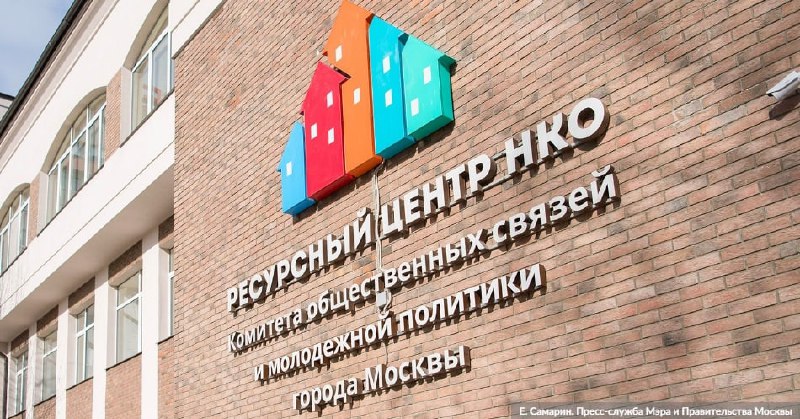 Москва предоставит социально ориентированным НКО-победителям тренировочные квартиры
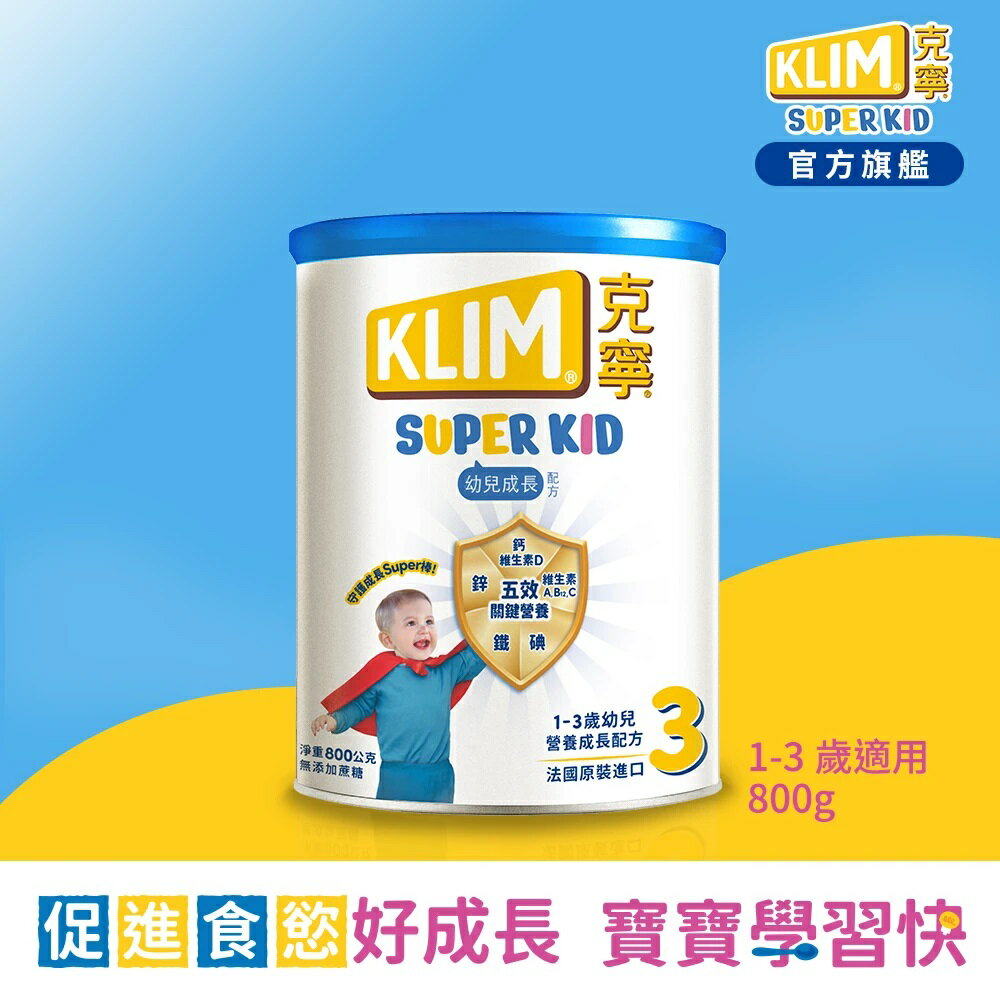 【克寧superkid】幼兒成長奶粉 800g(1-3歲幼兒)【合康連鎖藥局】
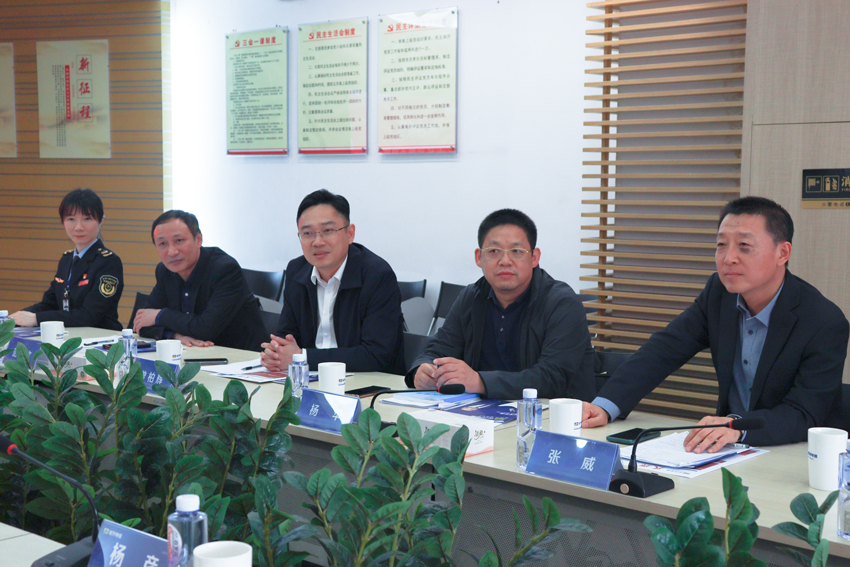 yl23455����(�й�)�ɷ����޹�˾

## REQUIREMENT
Copy out nothing but text: transcribe the listing exactly and skip each picture.

## ANSWER SECTION
 Москва предоставит социально ориентированным НКО-победителям тренировочные квартиры
 【克寧superkid】幼兒成長奶粉 800g(1-3歲幼兒)【合康連鎖藥局】
 yl23455����(�й�)�ɷ����޹�˾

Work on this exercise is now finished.